The reason for using a stringstream rather than a simple string is so that we can take advantage of the insertion function we will see shortly; this will handle conversion of XMLCh unicode characters to our local encoding. However, for reasons we shall soon see, this needs to be an explicit write_xml function rather than an overloaded operator<<.

Next, characters is called by the SAX parser for all textual element content. We simply maintain a stringstream and insert the new characters into it whenever we get some.

void MySaxHandler::characters(
                   const XMLCh*const text,
                   const unsigned int length) {
  write_xml(current_text, text);
}

Finally, at the end of each element, endElement finds the element in question by looking up its XPath name in the map and then calls put to write the characters saved so far to the stored variable reference:

void MySaxHandler::endElement(
                   const XMLCh* const name) {
  if (!current_path_.empty()) {
    ElementMap_t::const_iterator i
             = element_map_.find(
                   current_path_.top());

    if (i != element_map_.end())
      i->second->put(current_text_.str());

    current_path_.pop();
    current_text_.str("");
  }
}

XML Character encoding

The XML standard allows you to represent the characters that make up an XML document in any encoding you like. There are a number of rules used by XML parsers to determine the correct encoding, including the "encoding=" attribute on the "<?xml ?>" declaration at the beginning of the document.

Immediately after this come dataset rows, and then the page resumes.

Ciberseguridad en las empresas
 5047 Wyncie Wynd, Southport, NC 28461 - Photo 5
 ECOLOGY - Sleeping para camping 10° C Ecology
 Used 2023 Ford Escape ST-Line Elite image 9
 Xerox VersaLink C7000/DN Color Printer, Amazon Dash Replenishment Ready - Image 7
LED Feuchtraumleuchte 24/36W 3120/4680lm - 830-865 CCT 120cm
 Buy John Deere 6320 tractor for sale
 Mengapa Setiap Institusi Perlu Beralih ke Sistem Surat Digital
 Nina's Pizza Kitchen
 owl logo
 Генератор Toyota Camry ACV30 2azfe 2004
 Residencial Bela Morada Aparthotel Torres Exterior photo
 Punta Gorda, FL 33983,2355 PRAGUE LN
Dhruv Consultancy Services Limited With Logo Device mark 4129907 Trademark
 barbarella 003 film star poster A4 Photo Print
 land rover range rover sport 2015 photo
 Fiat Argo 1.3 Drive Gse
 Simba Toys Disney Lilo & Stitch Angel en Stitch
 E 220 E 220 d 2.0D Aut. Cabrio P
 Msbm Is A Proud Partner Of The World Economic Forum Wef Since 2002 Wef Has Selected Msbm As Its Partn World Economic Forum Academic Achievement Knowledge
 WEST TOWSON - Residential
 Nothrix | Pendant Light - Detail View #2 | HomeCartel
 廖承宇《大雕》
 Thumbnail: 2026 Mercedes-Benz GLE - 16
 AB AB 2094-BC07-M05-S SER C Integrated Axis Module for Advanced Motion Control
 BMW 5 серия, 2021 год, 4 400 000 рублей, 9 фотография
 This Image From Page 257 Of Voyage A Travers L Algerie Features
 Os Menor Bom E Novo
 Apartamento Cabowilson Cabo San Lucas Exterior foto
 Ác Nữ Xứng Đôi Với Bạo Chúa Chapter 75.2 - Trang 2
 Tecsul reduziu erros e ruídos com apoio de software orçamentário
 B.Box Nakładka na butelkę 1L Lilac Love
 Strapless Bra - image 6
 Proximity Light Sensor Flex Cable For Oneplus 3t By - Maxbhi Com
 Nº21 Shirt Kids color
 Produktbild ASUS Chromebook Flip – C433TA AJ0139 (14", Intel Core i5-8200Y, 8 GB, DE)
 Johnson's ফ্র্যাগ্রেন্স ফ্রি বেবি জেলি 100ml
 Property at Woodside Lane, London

The Xerces SAX parser represents characters using an XMLCh data type, and passes us strings by pointers to this character type.

These XML characters are represented in a Unicode encoding whereas to store them in standard strings we need them in our local encoding. Xerces provides a static XMLString::transcode() function to do this conversion. The conversion could be automated by building it into the insertion operator for the type XMLCh.

However, XMLCh is a typedef from short which makes it difficult - you can't overload based on a typedef because typedef does not create new type, but simply an alias. Therefore the standard inserter for short will be used by the compiler instead. To get around this problem there are a couple of alternatives: Use a different function to insert in the stream (rather than operator<<) or explicitly translate the encoding before inserting in the stream.

Here is the function write_xml used earlier to transcode and insert XML characters into a stream:

void write_xml(std::ostream& target,
               const XMLCh* s) {
  char *p = XMLString::transcode(s);
  target << p;
  delete [] p;
}

To avoid the call to delete[] you could replace the char* with a smart pointer capable of holding and deleting an array (unlike std::auto_ptr). If target<<p could throw, for example, this would be necessary to make the function exception-safe.

Using the SAX processor

With the handler class in place and now using XPath style element names, we can rewrite the parsing code. First, add a helper function to make it easier to add an element to the map:

template<typename T>
void AddElement(ElementMap_t& map,
                T* ptr,
                const std::string& path) {
  map.insert(std::make_pair
             (path, new ElementData<T>(ptr)));
}

The final code looks like this:

char filename[]="file.xml"
ElementMap_t element_map;

AddElement(element_map, &FirstName,
  "/Person/FirstName");
AddElement(element_map, &LastName,
  "/Person/LastName");
AddElement(element_map, &year,
  "/Person/DateOfBirth/Year");
AddElement(element_map, &month,
  "/Person/DateOfBirth/Month");
AddElement(element_map, &day,
  "/Person/DateOfBirth/Day");

MySaxHandler handler(element_map);
parser.setDocumentHandler(&handler);
parser.parse(filename);

Further refinement

An obvious enhancement is to enable multiple occurrences of the same element name in the XML document to store data in corresponding multiple variables, something which is not catered for by the code I have presented here.

Another way in which this design could be extended would be to support multiple XML document types. Since the element map objects contain full XPath names for each element, the same map could be used, and it would continue to uniquely identify each element as it is discovered in any known XML document type.